この講義では、祝日を挟んで四週間かけてみなさんとアメリカの哲学者スタンリー・カヴェルの代表的著作の一つ、『幸福の追求 ハリウッドの再婚喜劇』(原書:1981年)の前半部(具体的には、序から第三章、および補遺)を読んでいきます。毎回50ページほどのペースで本を読み進めつつ、第2回目以降は毎回1本の映画を同時に扱います。(なお、今回の講義が好評のうちに終了した場合には、来年の3月頃に後半部を扱った講義を再度実施する予定です)。

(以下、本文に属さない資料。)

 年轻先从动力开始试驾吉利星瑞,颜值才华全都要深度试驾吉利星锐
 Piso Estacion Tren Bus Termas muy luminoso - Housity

主にハリウッド映画について論じたカヴェルのテクストは、映画を理論的に分析した学術的なものというよりは、アメリカ人としての彼の個人的な経験や記憶と強く結びついた、哲学的エッセイの要素を強く持っています。それゆえ、ややとっつきにくい印象を持たれがちである一方で、どちらかといえば研究よりは映画批評に通じるような、非常に独創的な記述に溢れており、読めば不思議と元気が湧いてくるような内容となっています。本講義では、飛躍や脱線を数多く含むようにも見える彼の文を素直に読んでいくなかで、みなさんがカヴェルの思想や文体の魅力を見出すきっかけを少しでも提供できればと考えています。

そんなカヴェルが映画を論じた何冊かの著作は、欧米ではジル・ドゥルーズらと並ぶきわめて大きな影響力を有する哲学者の映画論として、現在まで盛んに論じられてきました。また、彼の議論は映画研究の文脈を超えて、美術批評家のマイケル・フリードや、テレンス・マリックやアルノー・デプレシャンといった現役の映画監督たちの活動をおおいに触発してきたことでも知られています。しかし、映画というメディウムの特徴や「映画の存在論」を論じた哲学書である『眼に映る世界』(1971)を除いて、具体的な映画作品を論じた書籍がこれまで翻訳されてこなかったことから、日本ではこれまでカヴェルの議論に十分な注目が集まってきたとは言えない状況にあります。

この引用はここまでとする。